– Я считаю моей личной ошибкой излишнюю доверчивость к президенту. Судя по всему, Центр не даст республикам делать самостоятельных шагов. Тщательно анализируя события последних месяцев, я заявляю… Я предупреждал в 1987 году, что у Горбачева в характере есть стремление к абсолютизации личной власти. Он все это уже сделал и подвел страну к диктатуре, красиво называя это президентским правлением. Я отмежевываюсь от позиции и политики президента, выступаю за его немедленную отставку, передачу власти коллективному органу – Совету Федерации…
Это, конечно, главное, ради чего Ельцин и приехал в студию, что и должно было вызвать у всех колебание почвы под ногами.

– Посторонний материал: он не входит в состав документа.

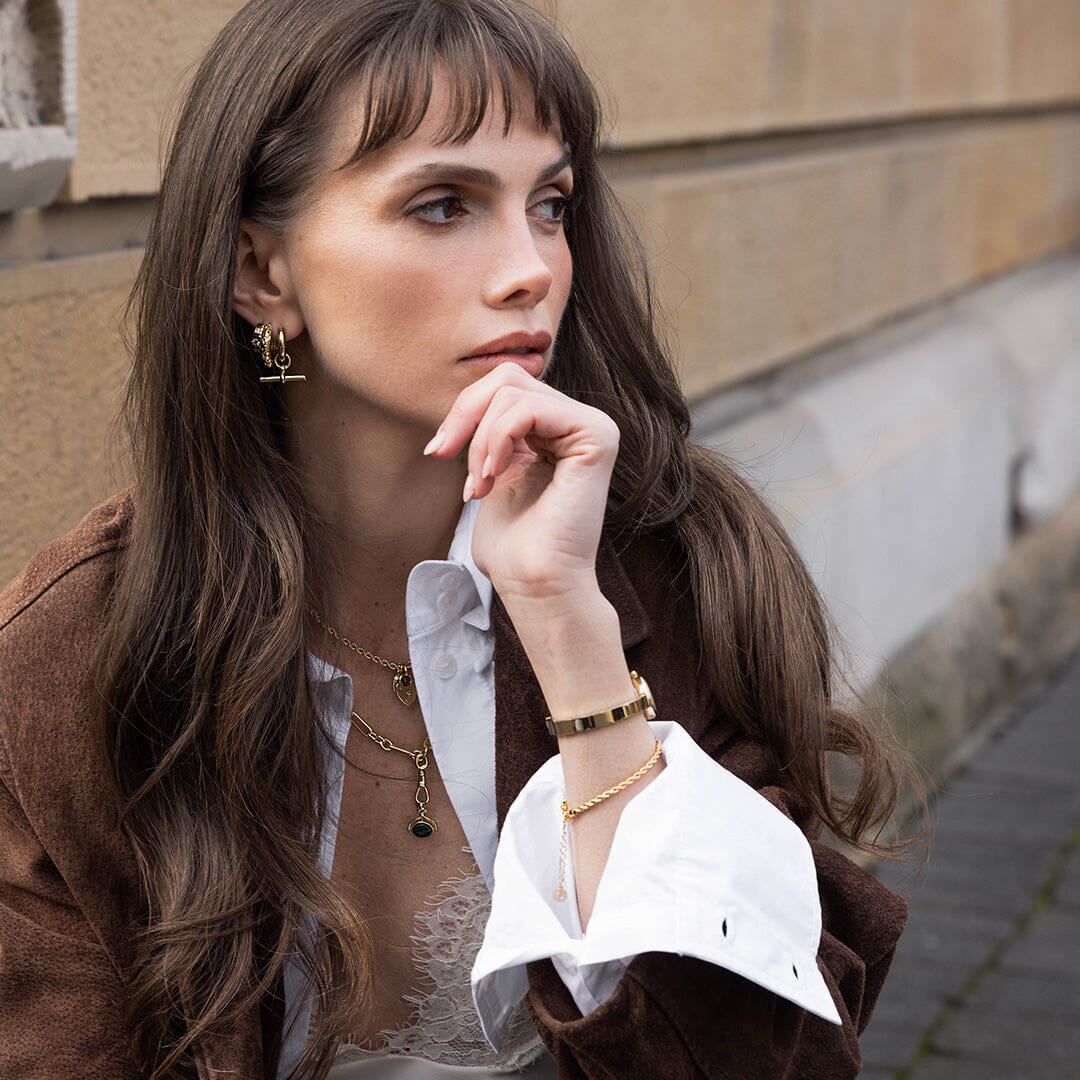 Etta T-Bar Hoops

Ломакин (снова пытаясь прервать Ельцина):
– Борис Николаевич…
Ельцин (опять не обращая на него внимания):
– Я верю в Россию и призываю вас, уважаемые сограждане, уважаемые россияне, верить в нашу Россию. Я сделал свой выбор, и каждый должен сделать свой выбор и определить свое место. Я хочу, чтобы вы меня услышали и поняли. Я такой выбор сделал, я с этой дороги не сверну. Нуждаюсь в вере и верю в поддержку народов России, в вашу поддержку и надеюсь на нее.
Ломакин:
– Борис Николаевич, я вынужден вас прервать, потому что у нас осталось совсем мало времени до конца прямого эфира…
Что ж тут теперь-то прерывать: Ельцин сам «прервался» – сказал все, что хотел сказать.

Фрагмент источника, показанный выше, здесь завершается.